PROBLEM DETAILS: Pictures are to be left out, and only the lines below starting at the one with "55 Battys Road, Yelverton, Blenheim, Marlborough" and ending at the one with "Volumetric_Scene_V1_Render_680p.jpg" are to be reproduced, each exactly, both ends included.

SUPPLIED MATERIAL:
-- -- --
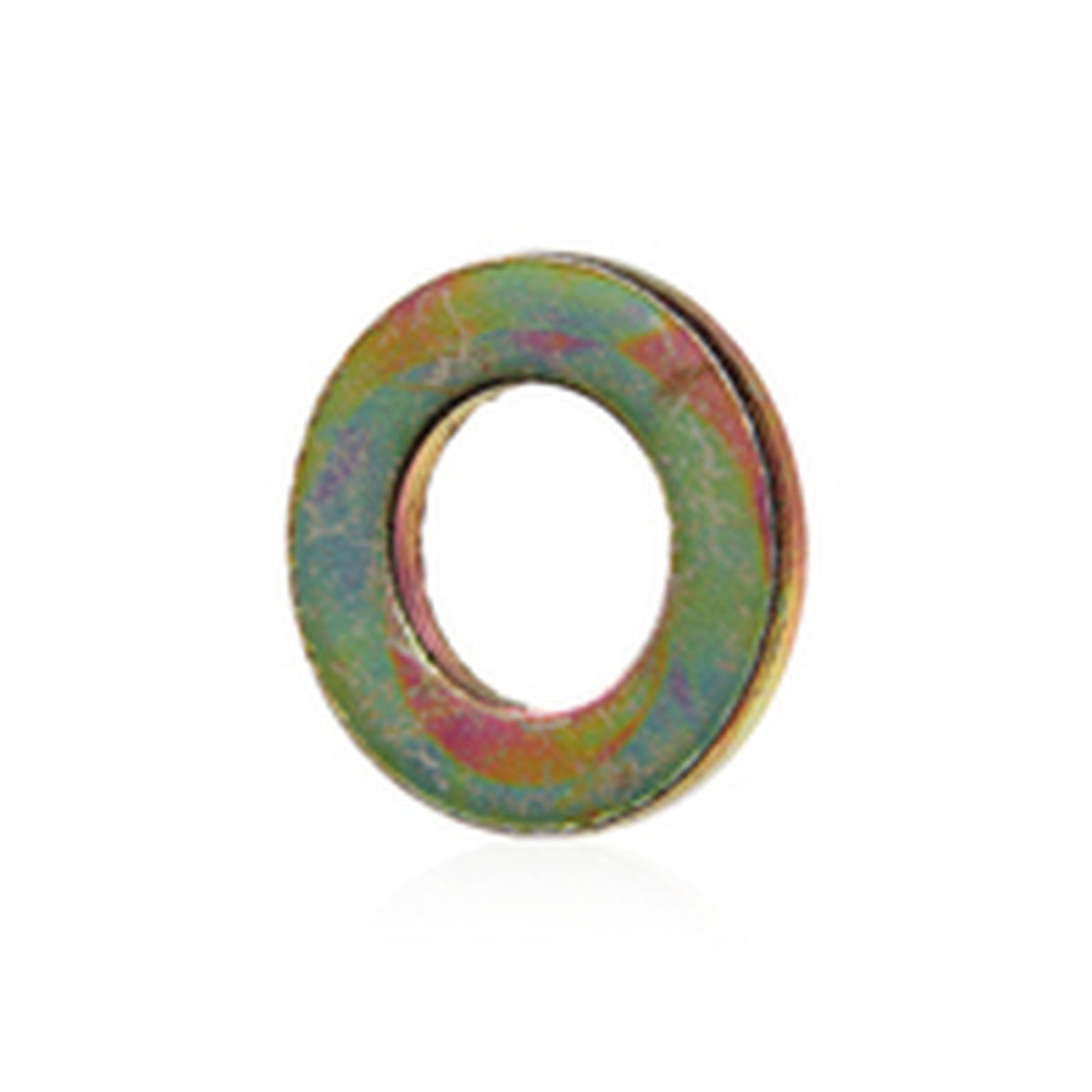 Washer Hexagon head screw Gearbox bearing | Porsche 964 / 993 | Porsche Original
-- -- --
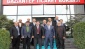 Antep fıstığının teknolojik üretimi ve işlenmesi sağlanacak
-- -- --
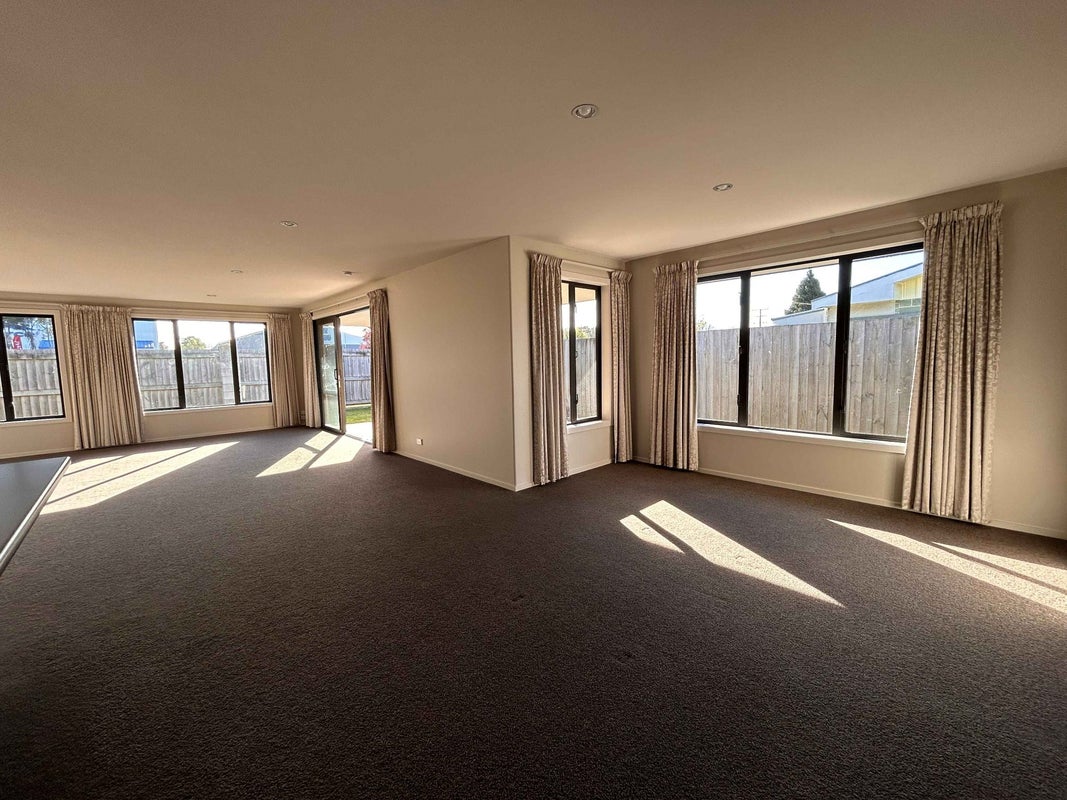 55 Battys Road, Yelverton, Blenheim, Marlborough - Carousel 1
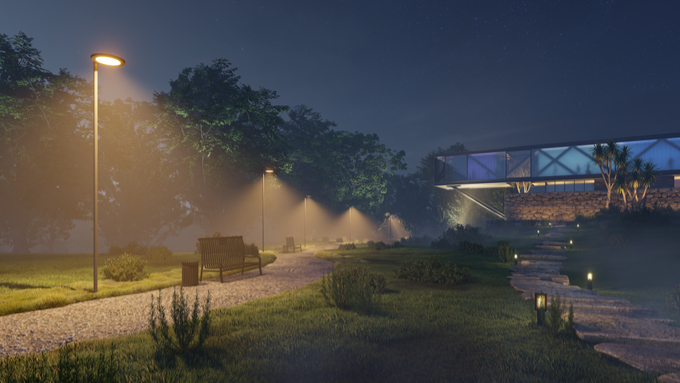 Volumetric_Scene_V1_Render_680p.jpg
-- -- --
EXERCISE RESPONSE:
 55 Battys Road, Yelverton, Blenheim, Marlborough - Carousel 1
 Volumetric_Scene_V1_Render_680p.jpg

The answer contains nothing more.